[[ Data for processing open ]]

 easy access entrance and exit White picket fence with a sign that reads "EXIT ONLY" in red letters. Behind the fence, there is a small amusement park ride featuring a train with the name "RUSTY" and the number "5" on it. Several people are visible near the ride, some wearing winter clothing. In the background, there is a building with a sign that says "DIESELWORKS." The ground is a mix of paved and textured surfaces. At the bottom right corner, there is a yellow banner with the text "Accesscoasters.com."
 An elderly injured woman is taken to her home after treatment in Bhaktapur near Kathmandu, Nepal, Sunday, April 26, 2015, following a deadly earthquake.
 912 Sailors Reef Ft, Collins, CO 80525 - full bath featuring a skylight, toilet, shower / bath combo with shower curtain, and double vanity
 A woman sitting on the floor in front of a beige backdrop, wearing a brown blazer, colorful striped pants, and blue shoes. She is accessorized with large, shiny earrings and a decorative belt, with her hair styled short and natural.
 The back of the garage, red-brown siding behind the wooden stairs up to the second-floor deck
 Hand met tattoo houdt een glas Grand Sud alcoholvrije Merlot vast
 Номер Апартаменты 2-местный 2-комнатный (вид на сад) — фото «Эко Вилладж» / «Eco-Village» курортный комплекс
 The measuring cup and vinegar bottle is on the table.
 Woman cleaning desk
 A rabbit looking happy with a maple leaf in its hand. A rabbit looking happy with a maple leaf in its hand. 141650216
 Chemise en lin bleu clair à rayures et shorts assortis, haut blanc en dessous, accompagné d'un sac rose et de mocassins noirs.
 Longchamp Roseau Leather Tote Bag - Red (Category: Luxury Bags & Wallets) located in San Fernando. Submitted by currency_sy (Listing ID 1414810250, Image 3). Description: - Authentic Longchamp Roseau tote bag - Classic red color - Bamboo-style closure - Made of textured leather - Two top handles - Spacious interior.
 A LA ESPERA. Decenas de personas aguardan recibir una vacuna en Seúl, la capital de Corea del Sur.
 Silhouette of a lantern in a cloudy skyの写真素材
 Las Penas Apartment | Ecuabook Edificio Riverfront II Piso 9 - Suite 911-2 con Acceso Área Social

[[ Data for processing closed ]]

**Task objective:** Type the entries out again so that they match exactly.

**Result:**
 easy access entrance and exit White picket fence with a sign that reads "EXIT ONLY" in red letters. Behind the fence, there is a small amusement park ride featuring a train with the name "RUSTY" and the number "5" on it. Several people are visible near the ride, some wearing winter clothing. In the background, there is a building with a sign that says "DIESELWORKS." The ground is a mix of paved and textured surfaces. At the bottom right corner, there is a yellow banner with the text "Accesscoasters.com."
 An elderly injured woman is taken to her home after treatment in Bhaktapur near Kathmandu, Nepal, Sunday, April 26, 2015, following a deadly earthquake.
 912 Sailors Reef Ft, Collins, CO 80525 - full bath featuring a skylight, toilet, shower / bath combo with shower curtain, and double vanity
 A woman sitting on the floor in front of a beige backdrop, wearing a brown blazer, colorful striped pants, and blue shoes. She is accessorized with large, shiny earrings and a decorative belt, with her hair styled short and natural.
 The back of the garage, red-brown siding behind the wooden stairs up to the second-floor deck
 Hand met tattoo houdt een glas Grand Sud alcoholvrije Merlot vast
 Номер Апартаменты 2-местный 2-комнатный (вид на сад) — фото «Эко Вилладж» / «Eco-Village» курортный комплекс
 The measuring cup and vinegar bottle is on the table.
 Woman cleaning desk
 A rabbit looking happy with a maple leaf in its hand. A rabbit looking happy with a maple leaf in its hand. 141650216
 Chemise en lin bleu clair à rayures et shorts assortis, haut blanc en dessous, accompagné d'un sac rose et de mocassins noirs.
 Longchamp Roseau Leather Tote Bag - Red (Category: Luxury Bags & Wallets) located in San Fernando. Submitted by currency_sy (Listing ID 1414810250, Image 3). Description: - Authentic Longchamp Roseau tote bag - Classic red color - Bamboo-style closure - Made of textured leather - Two top handles - Spacious interior.
 A LA ESPERA. Decenas de personas aguardan recibir una vacuna en Seúl, la capital de Corea del Sur.
 Silhouette of a lantern in a cloudy skyの写真素材
 Las Penas Apartment | Ecuabook Edificio Riverfront II Piso 9 - Suite 911-2 con Acceso Área Social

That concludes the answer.